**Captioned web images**
Segment Open

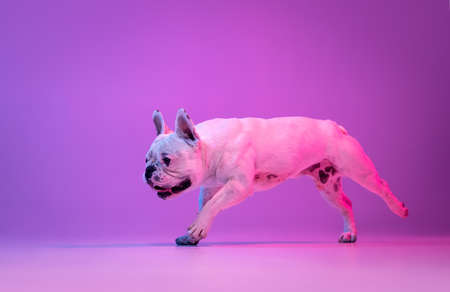 Portrait of purebred dog bulldog posing isolated over studio background in neon gradient pink purple light.の写真素材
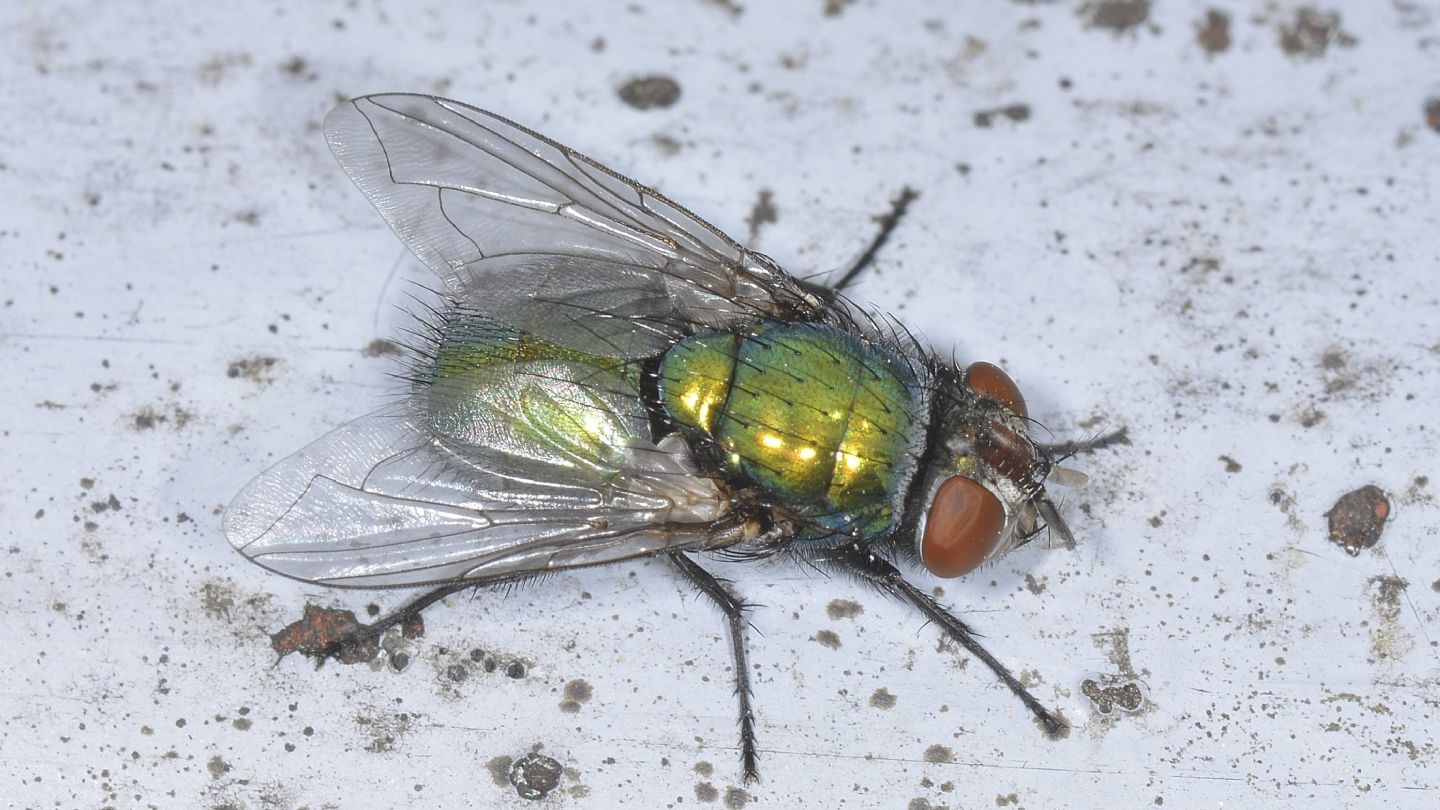 Moscone verde: Lucilia sericata, femmina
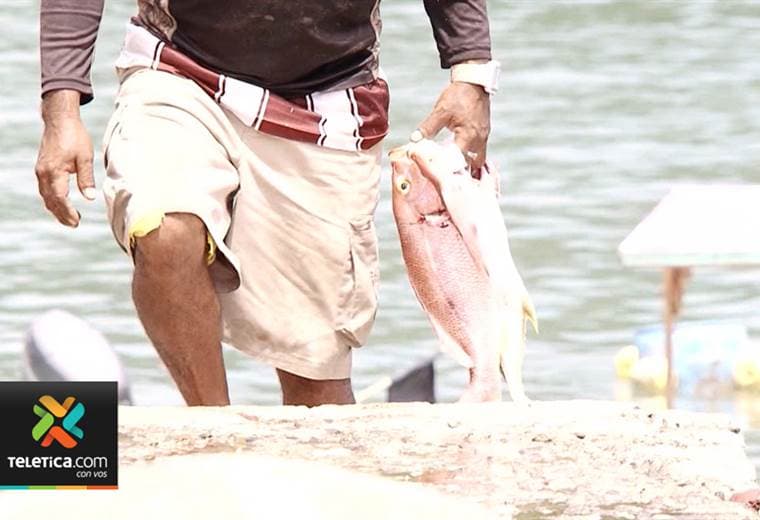 Pescadores inscritos en Incopesca recibirán ayuda por la veda que se aplicará en Golfo de Nicoya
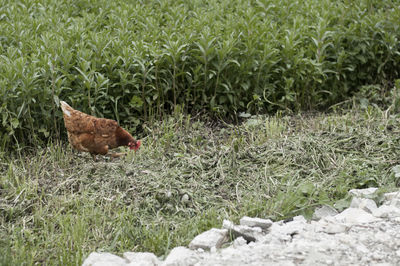 Bird on grassy field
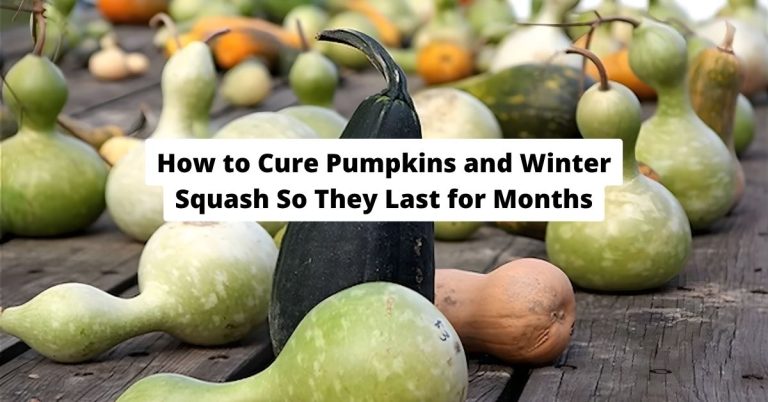 How to Cure Pumpkins and Winter Squash So They Last for Months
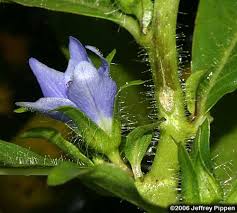 Image result for Hydrolea brevistyla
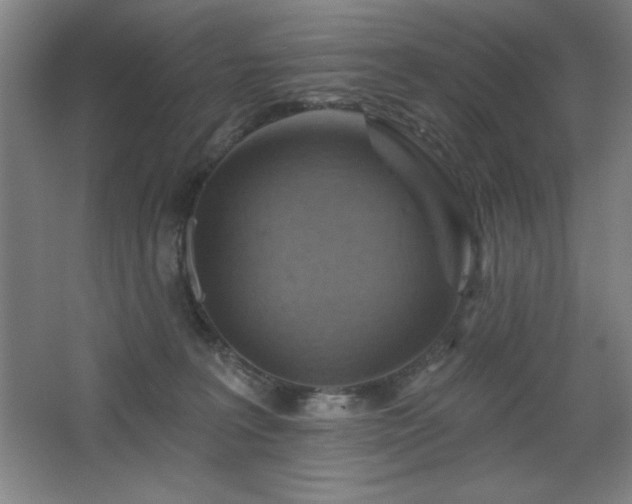 X0000068740227200604281148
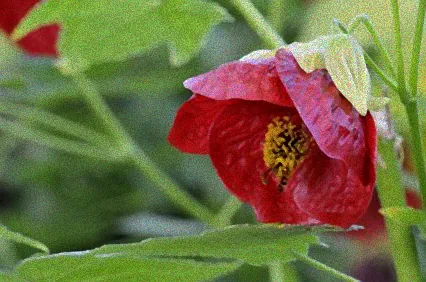 abutilon winterhart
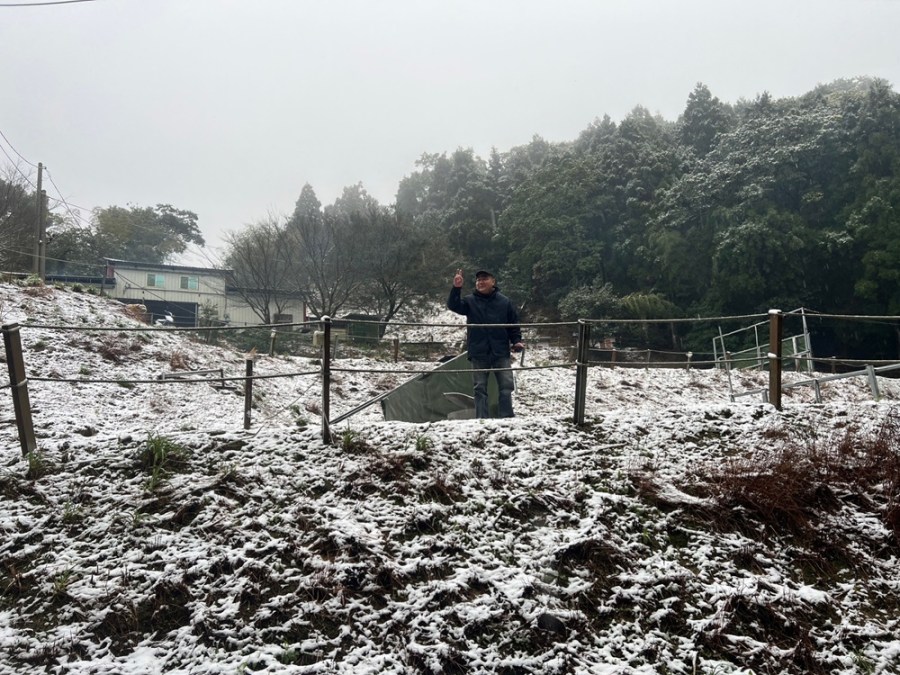 新北熊空地區農場飄雪 賞雪維安警啟動交管 240 cnews204240123a02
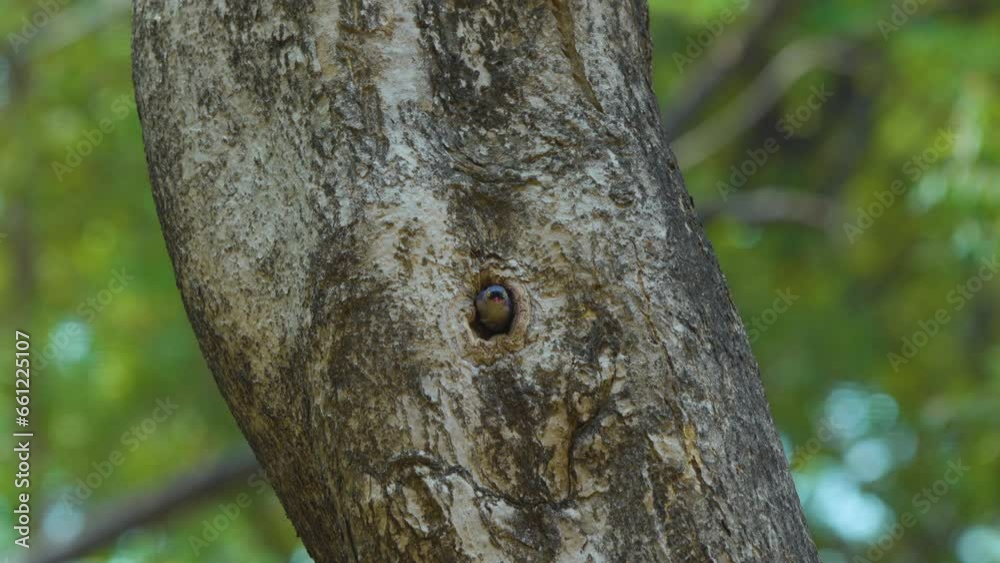 A velvet-fronted nuthatch, sitta frontalis, inside a tree hole nest A velvet-fronted nuthatch, sitta frontalis, inside a tree hole nest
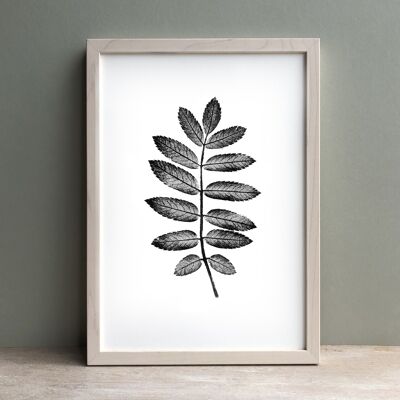 Rowan Leaf Monochrome Print | Botanical Wall Art A4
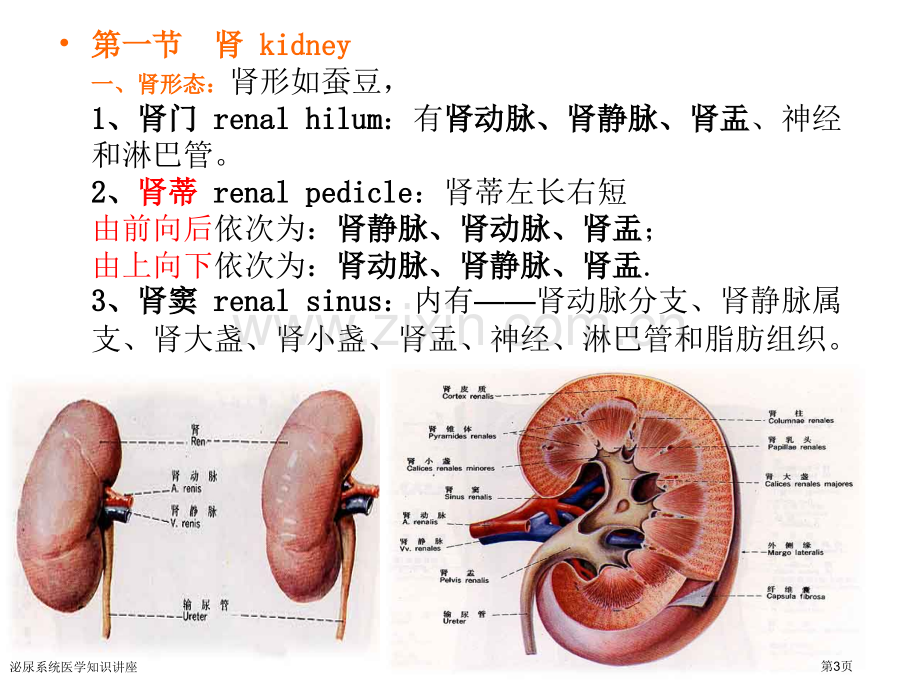 泌尿系统医学知识讲座专家讲座.pptx_第3页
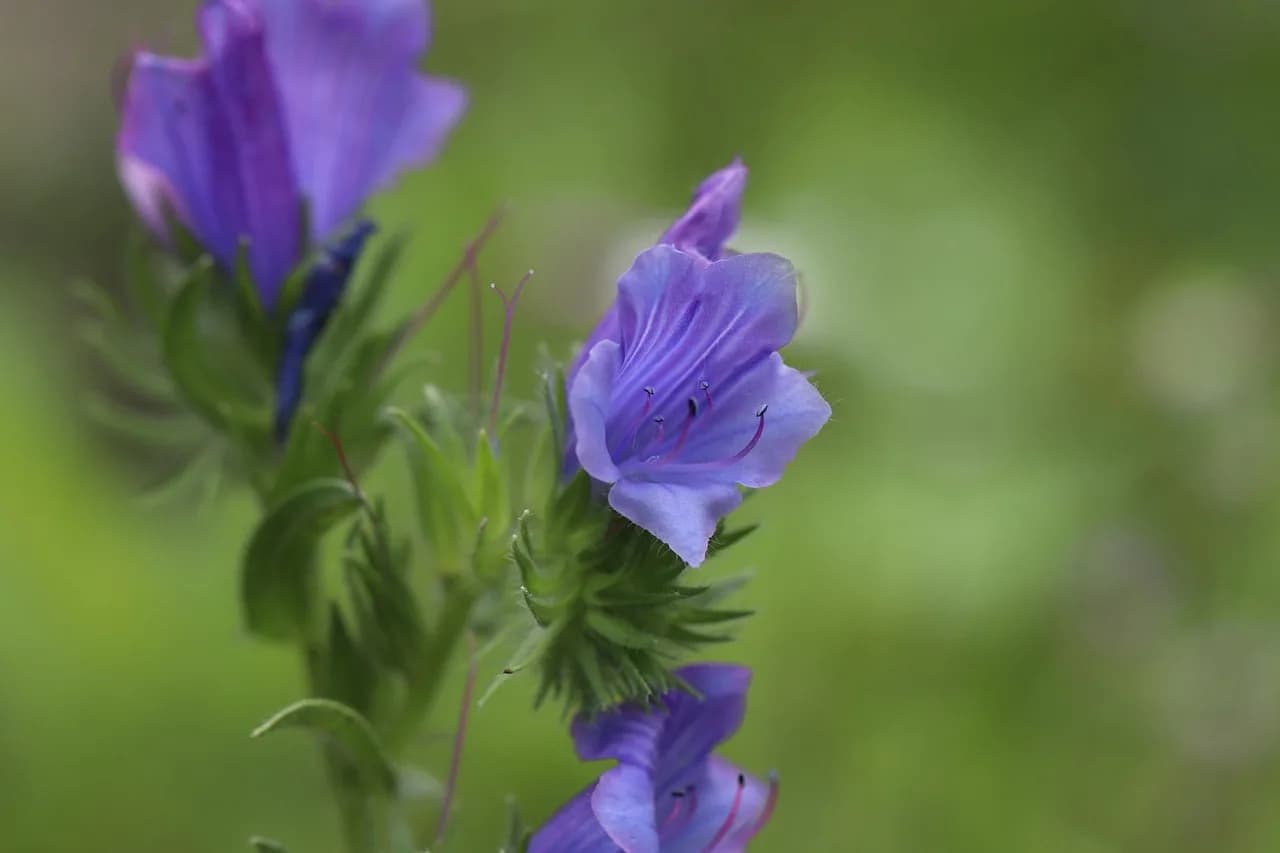 Heinrich Rohrer — snake head, common snake head, echium vulgare, blue heinrich, blue flowers, wildflowers, nature, close up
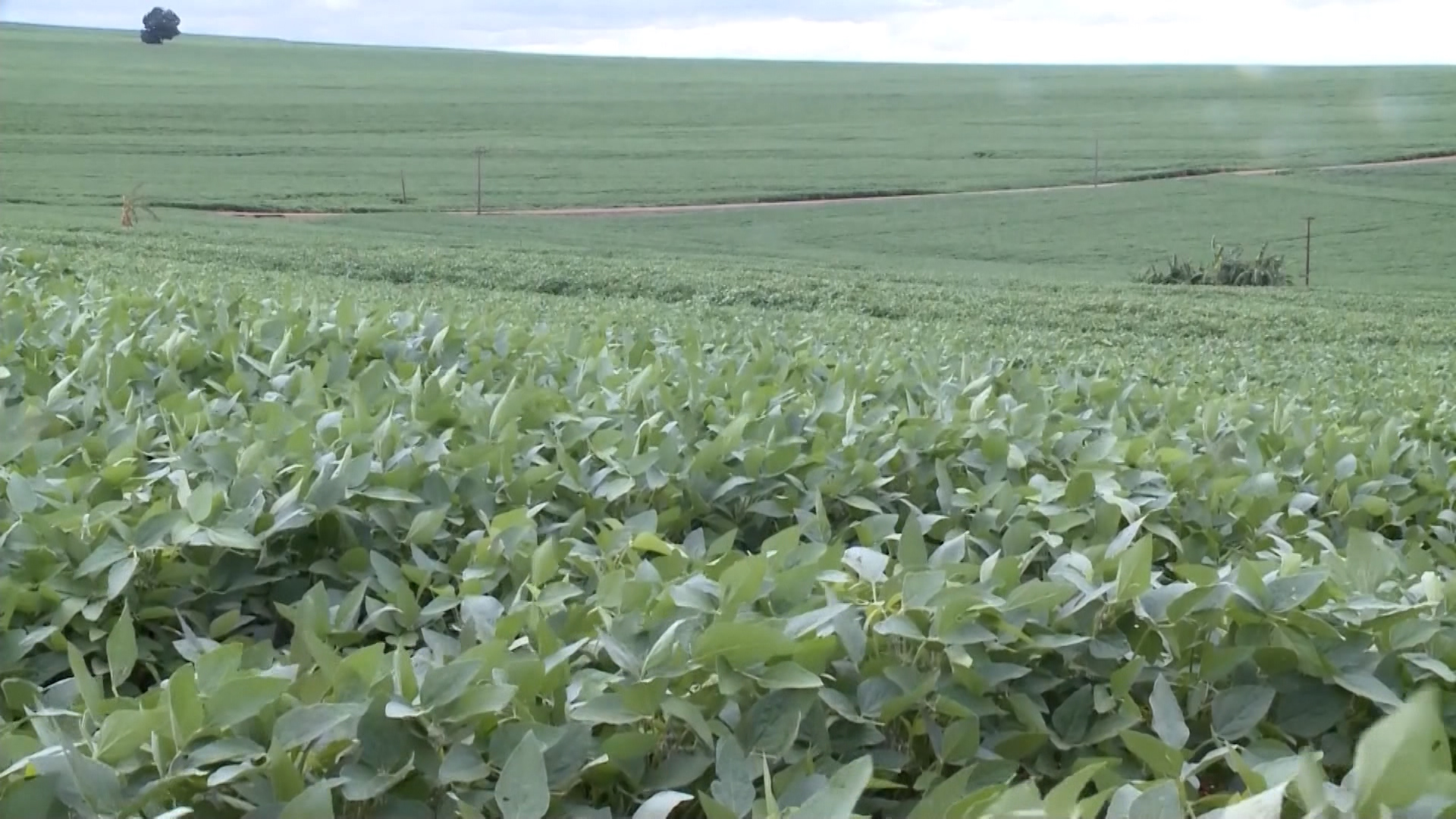 Clima: produtores de Mato Grosso do Sul devem adotar práticas agrícolas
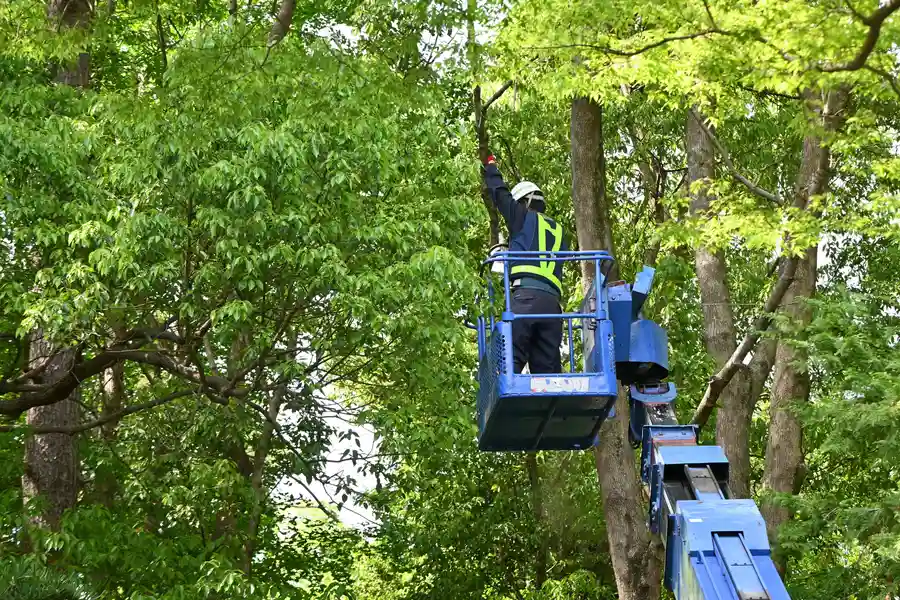 Superior Tree Services Newnan, GA Superior Tree Services Newnan, GA
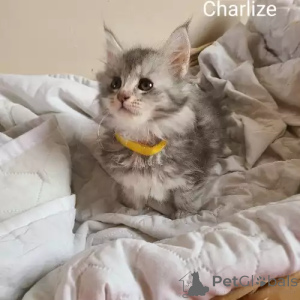 Photo №1. maine coon - for sale in the city of Affalterbach | 392$ | Announcement № 167247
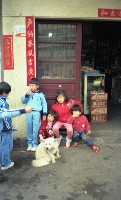 1950至2006年臺灣常民生活藏品圖，第1張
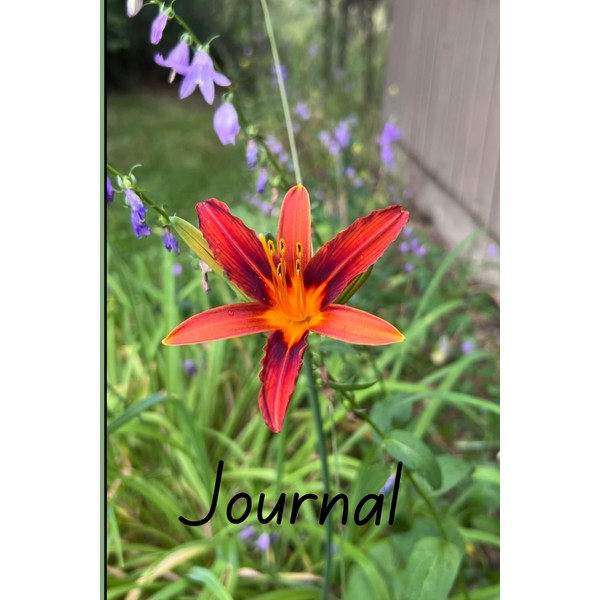 Tiger Lily Writing Journal: 100 page book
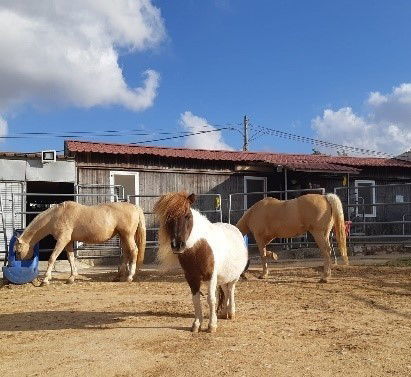 טיפול בעזרת סוסים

Segment Closed

**What you should do**
Give the data back exactly, omitting all pictures.

**Solution below**
 Portrait of purebred dog bulldog posing isolated over studio background in neon gradient pink purple light.の写真素材
 Moscone verde: Lucilia sericata, femmina
 Pescadores inscritos en Incopesca recibirán ayuda por la veda que se aplicará en Golfo de Nicoya
 Bird on grassy field
 How to Cure Pumpkins and Winter Squash So They Last for Months
 Image result for Hydrolea brevistyla
 X0000068740227200604281148
 abutilon winterhart
 新北熊空地區農場飄雪 賞雪維安警啟動交管 240 cnews204240123a02
 A velvet-fronted nuthatch, sitta frontalis, inside a tree hole nest A velvet-fronted nuthatch, sitta frontalis, inside a tree hole nest
 Rowan Leaf Monochrome Print | Botanical Wall Art A4
 泌尿系统医学知识讲座专家讲座.pptx_第3页
 Heinrich Rohrer — snake head, common snake head, echium vulgare, blue heinrich, blue flowers, wildflowers, nature, close up
 Clima: produtores de Mato Grosso do Sul devem adotar práticas agrícolas
 Superior Tree Services Newnan, GA Superior Tree Services Newnan, GA
 Photo №1. maine coon - for sale in the city of Affalterbach | 392$ | Announcement № 167247
 1950至2006年臺灣常民生活藏品圖，第1張
 Tiger Lily Writing Journal: 100 page book
 טיפול בעזרת סוסים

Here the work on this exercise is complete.